Regresé a las noches de ir a comer hamburguesa con mi mamá, donde el mundo era tan simple que la única preocupación era que bebida acompañaría mi comida. Volví a jugar a las muñequitas con mis amigas del preescolar. Me vi deslizándome por el rodadero del parque, mientras el viento golpeaba mi cara. Y luego, la imagen de mi papá empujando mi bicicleta para darme impulso.
Llegué a la conclusión de que no valoramos lo que tenemos hasta que lo perdemos, hasta que eso se convierte en recuerdo. y no hay nada más doloroso que admitirlo.

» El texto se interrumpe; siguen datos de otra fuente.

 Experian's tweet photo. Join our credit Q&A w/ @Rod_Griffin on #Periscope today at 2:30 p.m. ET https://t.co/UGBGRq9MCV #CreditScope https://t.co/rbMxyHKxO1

La nostalgia me consume porque me doy cuenta de que todo eso ya no hace parte de mi presente y que no hay nada que me de más miedo que olvidar. Olvidar sería deshacerme de una parte de mi historia. Sería renunciar sin querer a todo lo que me hizo ser quien soy. Porque al fin y al cabo la identidad no es solo un conjunto de características o decisiones: es una historia construida por memorias, emociones y la repetición constante de momentos que nos definieron y que seguimos cargando.
Y quizá por eso escribo. Porque de alguna manera, al nombrarlo, al dejarlo aquí, lo salvo de aquel olvido. Lo convierto en testimonio de que alguna vez fui esa niña. Y que en el fondo, aún lo soy.
Somos lo que recordamos, pero también somos lo que anhelamos recordar.